## WHAT IS EXPECTED
Drop the pictures, then repeat every record exactly as it stands.

## AVAILABLE DATA
------------------------------------------------

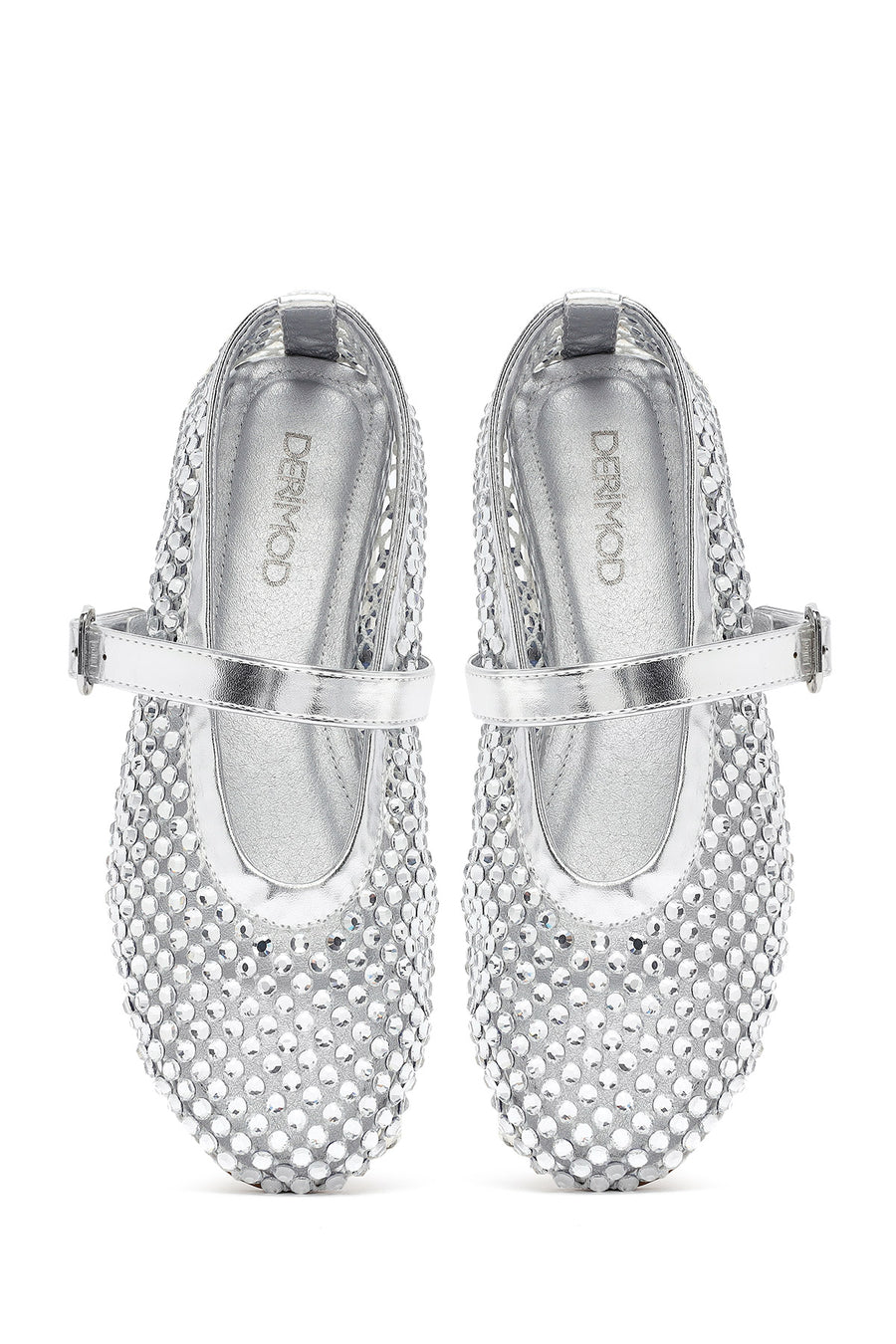Women's Silver Mesh Embellished Ballet Flats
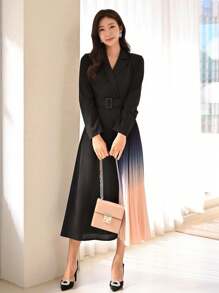 Modelyn Colourblock Lapel Collar Pleated Hem Belted Dress - Black - View 5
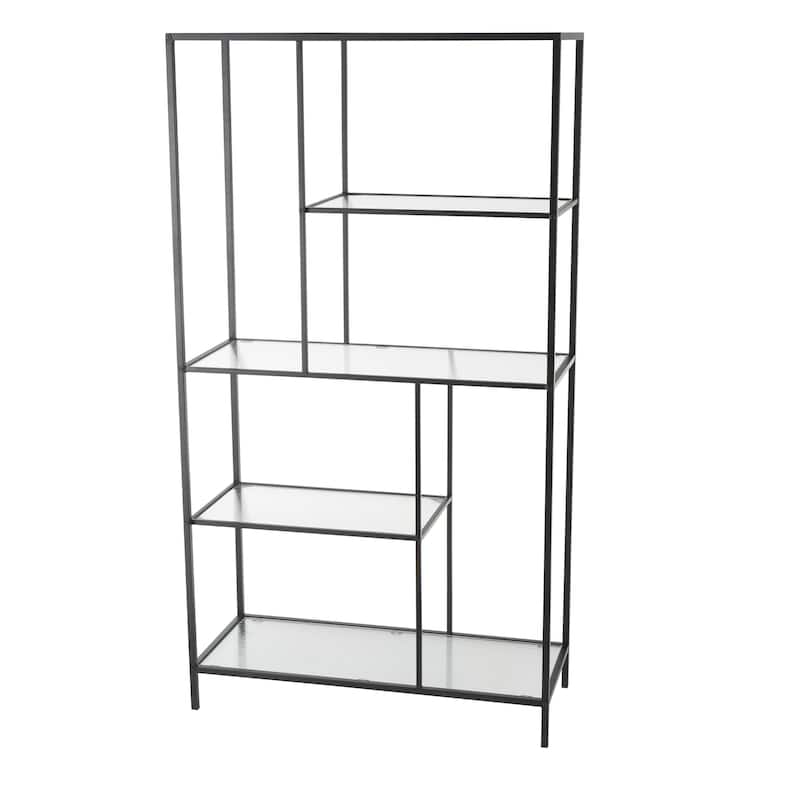 Metal Geometric 4 Shelf Shelving Unit with Clear Glass Shelves - Black - Roche River Decor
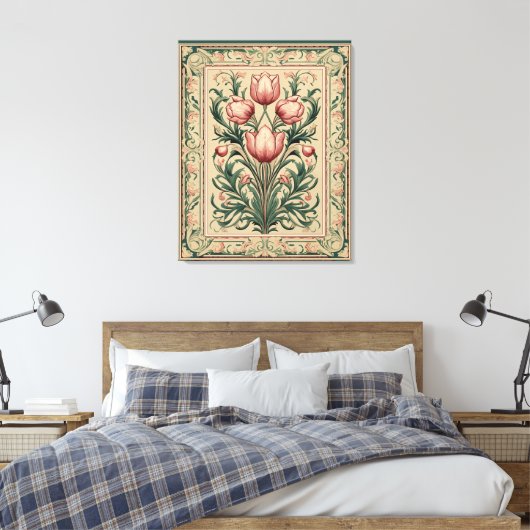 Stoffig roze tulp middeleeuws smaragd Ornament Canvas Afdruk (Insitu (Slaapkamer))
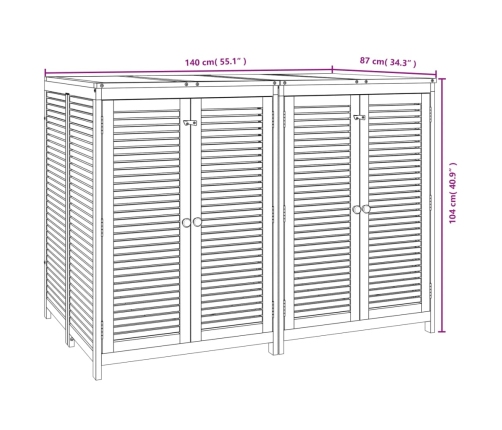 Caja de almacenaje de jardín madera maciza acacia 140x87x104 cm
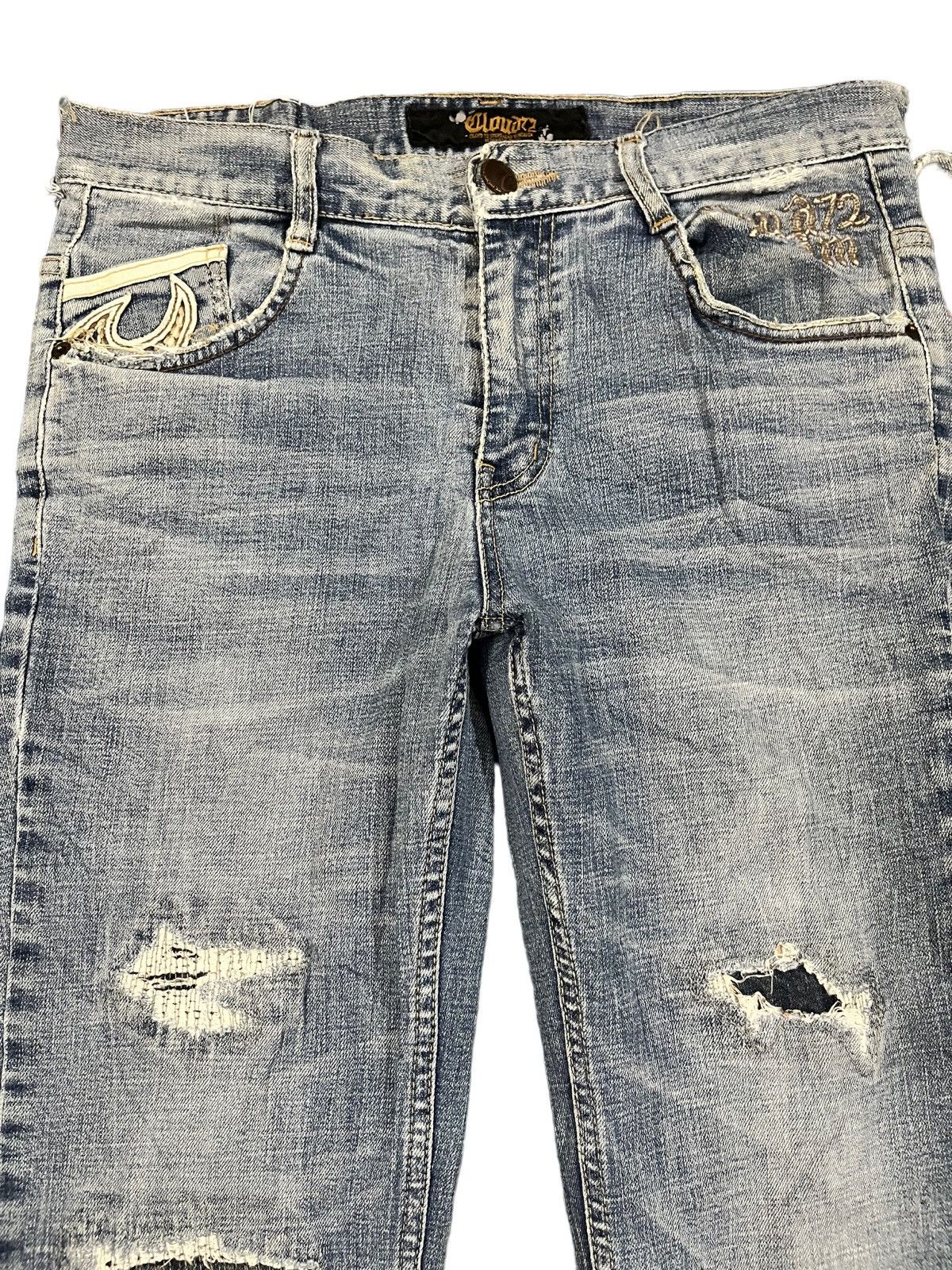 Ed Hardy Vintage Cloud 72 Faded Distressed Punk Denim Size US 31 - 3 Thumbnail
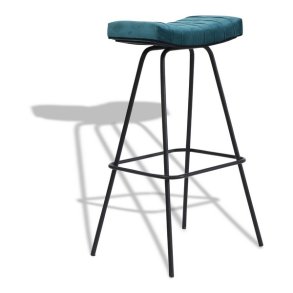 Barstol - blgrn velour barstol - Ekko B2 model fra OBUZI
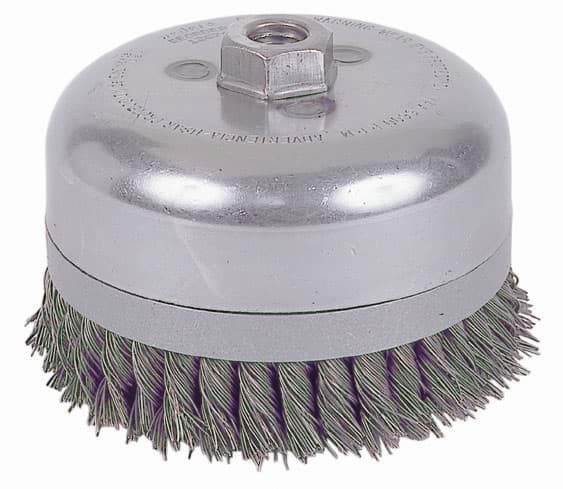 Picture of 6" Double Row Knot Wire Cup, Banded, .023" Steel Fill, 5/8"-11 UNC Nut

------------------------------------------------

## RESULT OF THIS TASK
Women's Silver Mesh Embellished Ballet Flats
 Modelyn Colourblock Lapel Collar Pleated Hem Belted Dress - Black - View 5
 Metal Geometric 4 Shelf Shelving Unit with Clear Glass Shelves - Black - Roche River Decor
 Stoffig roze tulp middeleeuws smaragd Ornament Canvas Afdruk (Insitu (Slaapkamer))
 Caja de almacenaje de jardín madera maciza acacia 140x87x104 cm
 Ed Hardy Vintage Cloud 72 Faded Distressed Punk Denim Size US 31 - 3 Thumbnail
 Barstol - blgrn velour barstol - Ekko B2 model fra OBUZI
 Picture of 6" Double Row Knot Wire Cup, Banded, .023" Steel Fill, 5/8"-11 UNC Nut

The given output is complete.